The artifact was found in the city's Suematsu district on the site of a ruined Buddhist temple, which experts believe was founded in the second half of the seventh century during the Asuka Period (592-710), the Nonoichi City Board of Education said Oct. 31.

The Suematsu temple ruins are designated as a “historic site” by the central government.

The earthenware is believed to be a fragment of a “gato” (earthen pagoda) pottery work made sometime around the ninth century, education board officials said. It is the first pictorial clay pagoda to have been unearthed in Japan.

Some experts believe the figure represents a celestial nymph who serves the Miroku Bosatsu (Maitreya Bodhisattva), a Buddhist deity. The finding could provide insight into the extent of the spread of Buddhism in ancient times and aspects of the cult of earthen pagodas.

The artifact, with a plate-like shape measuring 19 centimeters tall, 9.5 cm wide and 1.5 cm thick, is believed to belong to the first tier (ground floor) of an earthen pagoda. A female figure, measuring about 17 cm tall and 7 cm wide, was found engraved with a pointed tool on the front face of the first tier.

The long-haired and smiling figure holds a “hossu,” a ritual implement with bundled hair, in her hand. She wears a long dress called a “mo,” with vertical stripes and shoes with upward-bent tips.

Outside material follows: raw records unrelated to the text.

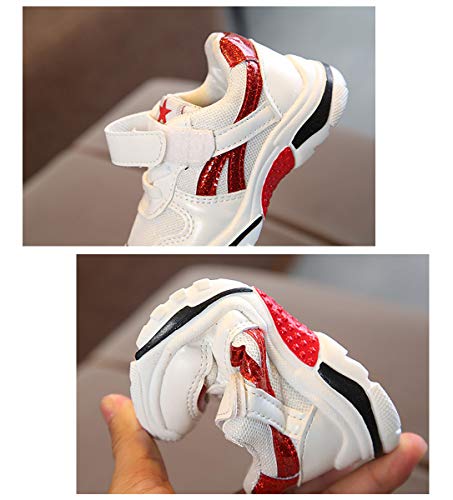 DEBAIJIA Niñas Niños Calzado Deportivo 2-5 Años Zapatos Tejido Neto Malla Casual Suave Moda Antideslizante Zapatillas Lindas Transpirable Caminar Al Aire Libre Foot Running Turismo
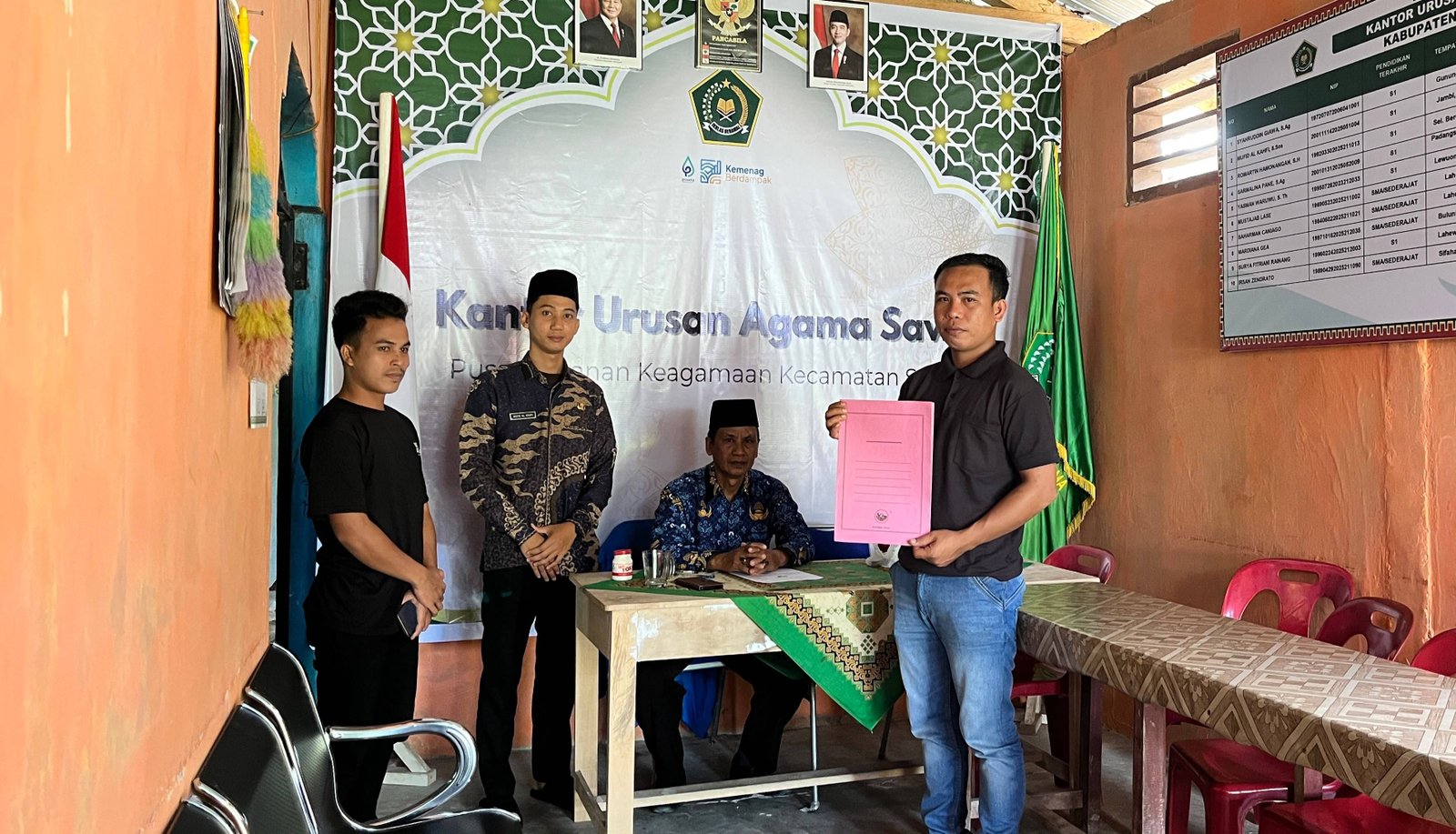 KUA Sawo Laksanakan Ikrar Taukil Wali, Pastikan Akad Berjalan dan Tertib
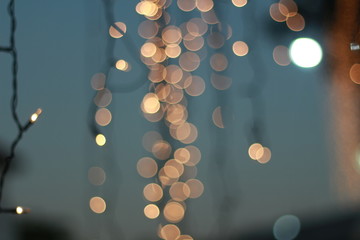Wall Mural - Bokeh around the grand palace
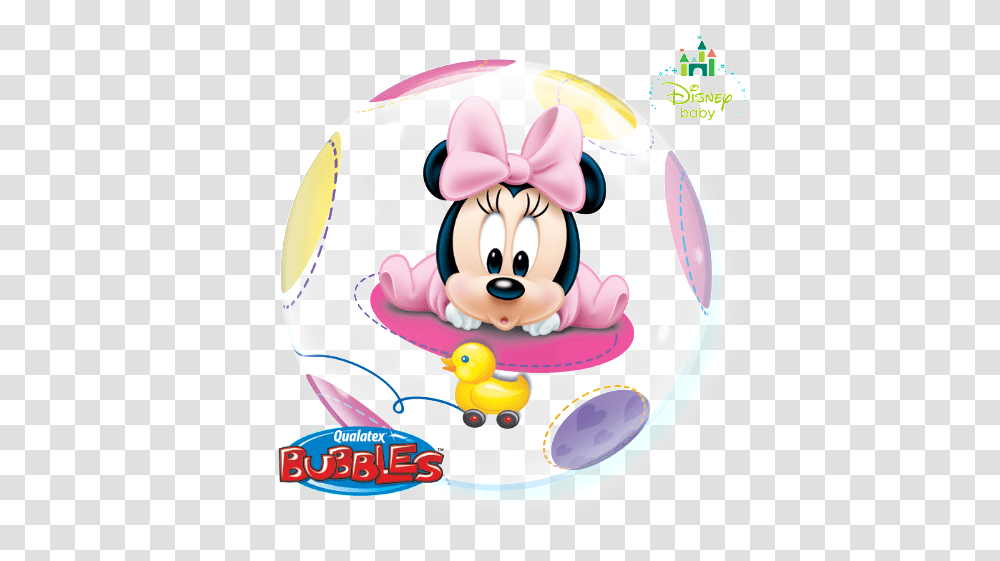 Baby Minnie Mouse Bubble Balloon Free Delivery, Mammal, Animal, Birthday Cake, Dessert Transparent Png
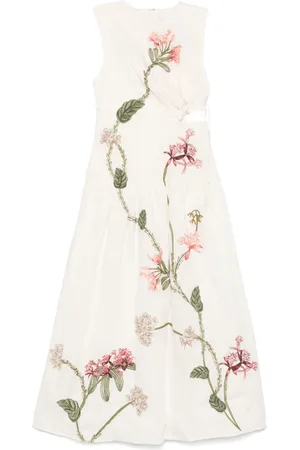 Agua by Agua Bendita Otoño Orquidea maxi dress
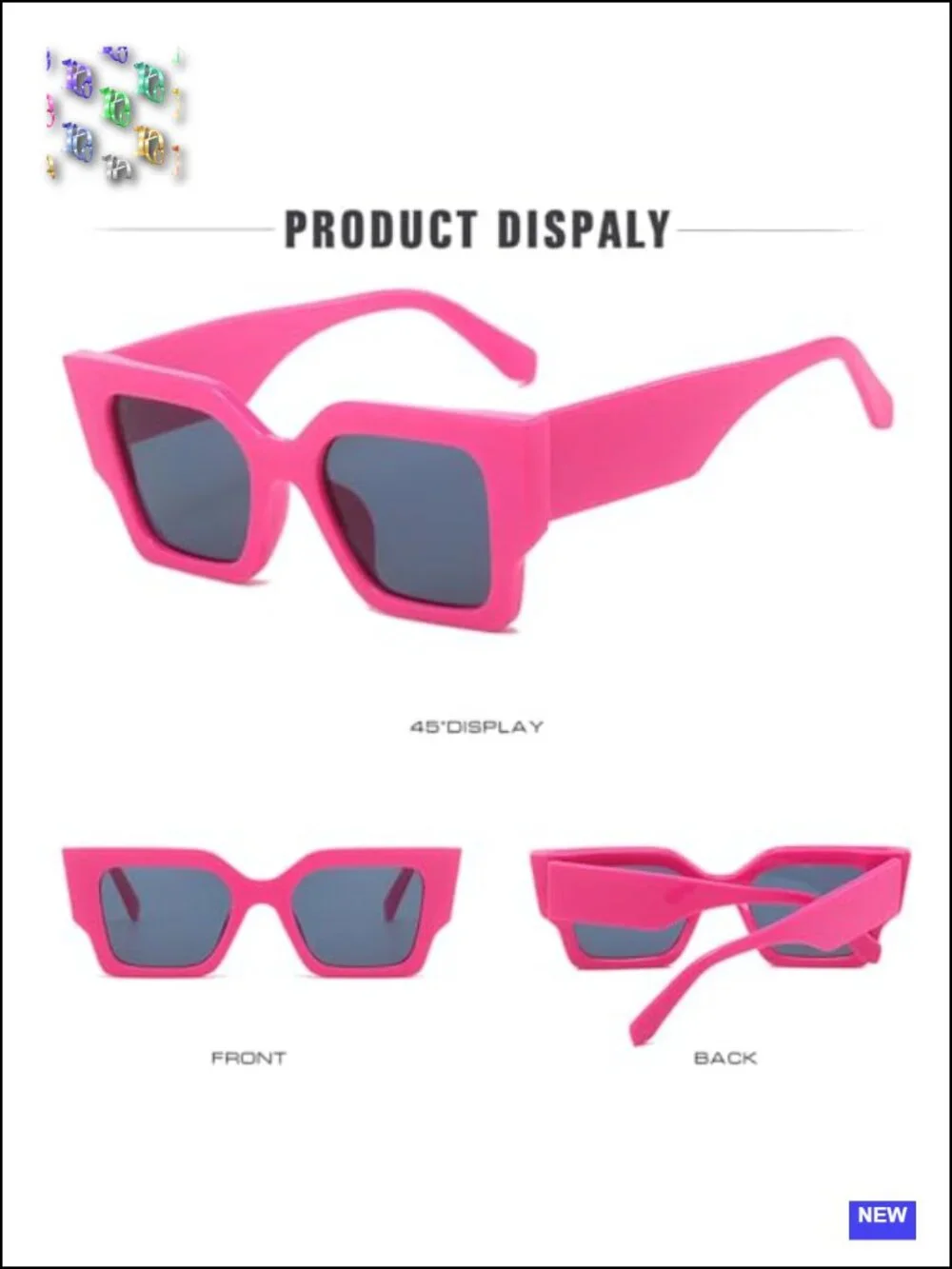 Oversized Square Sunglasses for Women - UV400 Protection, Stylish & Durable
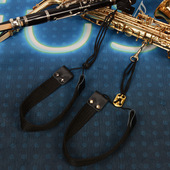 黑管乐器背带牛皮配料排含 脖带 舒适透气萨克斯背带 单簧管背带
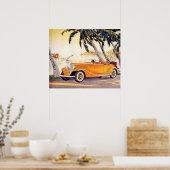 ヴィンテージファミリーバケーションinコンバーチブルカー ポスター (キッチン)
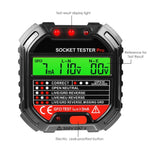 PCM - 340_EU PCM - 340 Socket Tester Receptacle Detector with Red Light Test Result Indicator Outlet Tester for GFCI / Standard 3 - Wire 120V Receptacles - Gain Express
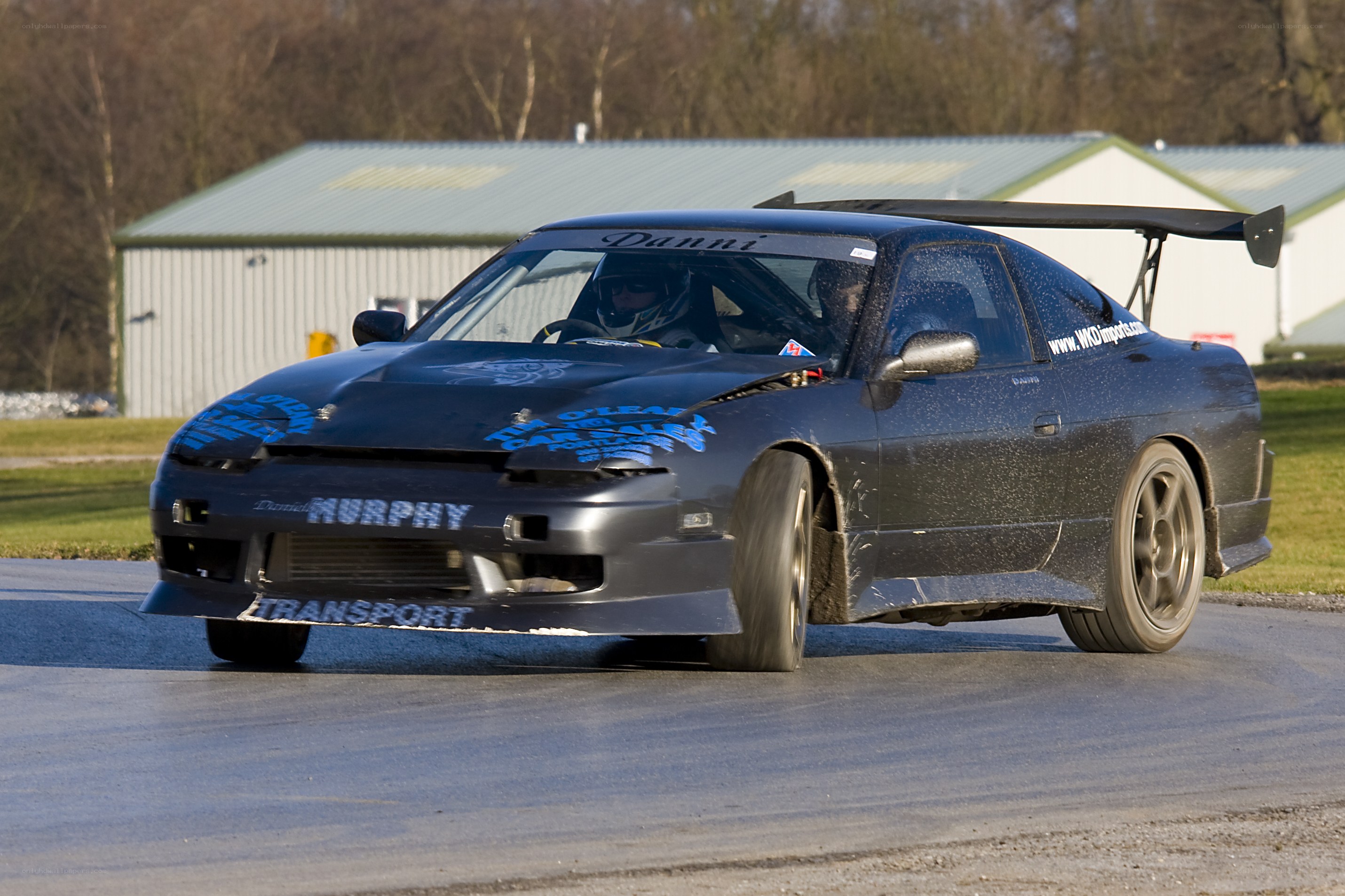 racing car on a track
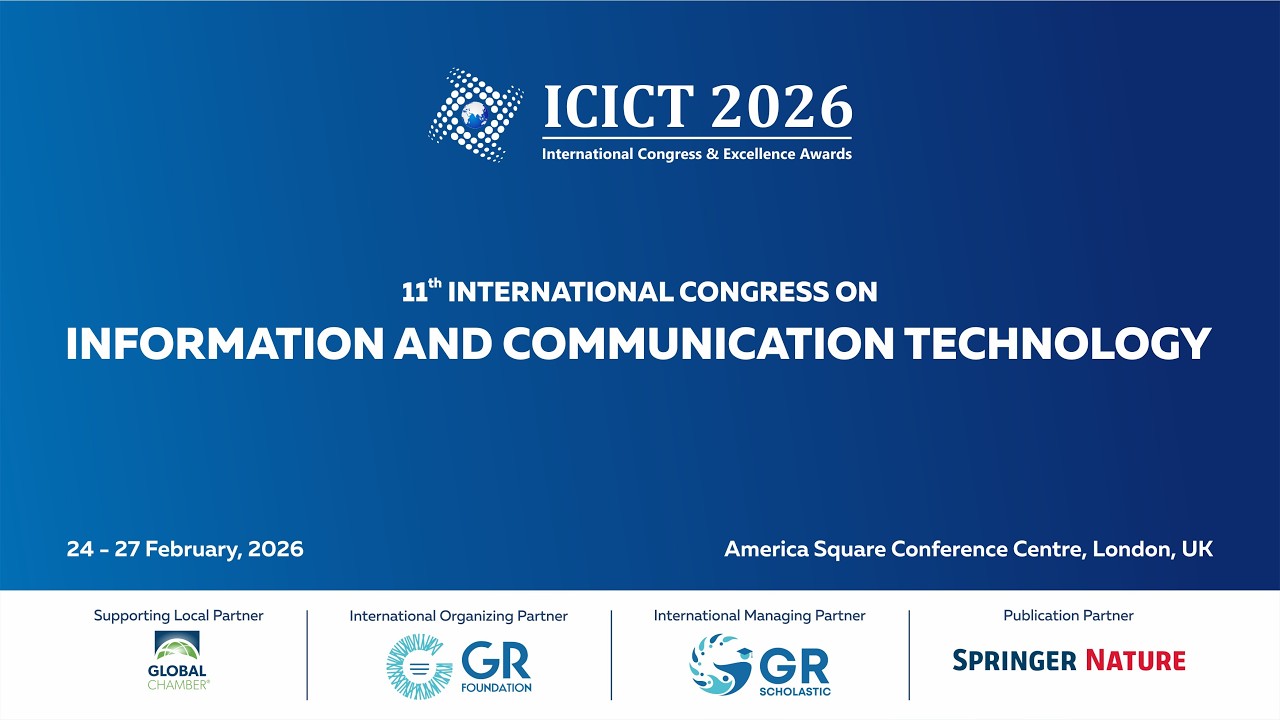 11th ICICT 2026 | Technical Session 9A | London, United Kingdom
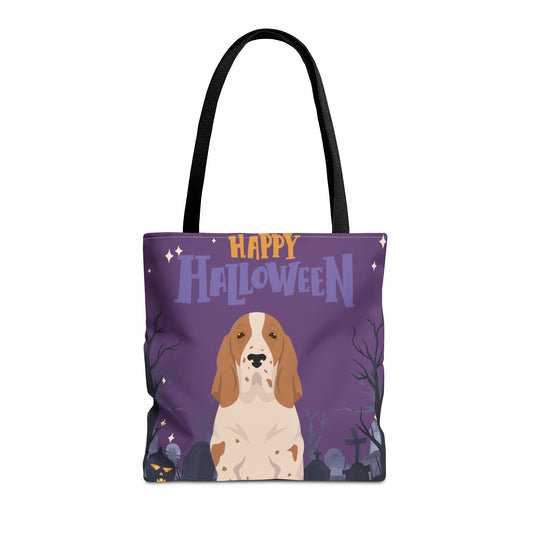 Bracco Italiano Dog Happy Halloween Tote Bag 16x16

“The smiling figure looks lovely,” said Keiji Matsumura, director-general of the Nara National Research Institute for Cultural Properties in the city of Nara. “The artifact is valuable evidence of one specific aspect of the cult of earthen pagodas, which relates to a desire to go to Maitreya’s Pure Land. It also shows that the cult of Maitreya had penetrated the Hokuriku region.”

The earthen pagoda fragment is being exhibited at the Nonoichi City Furusato History Museum through Dec. 16.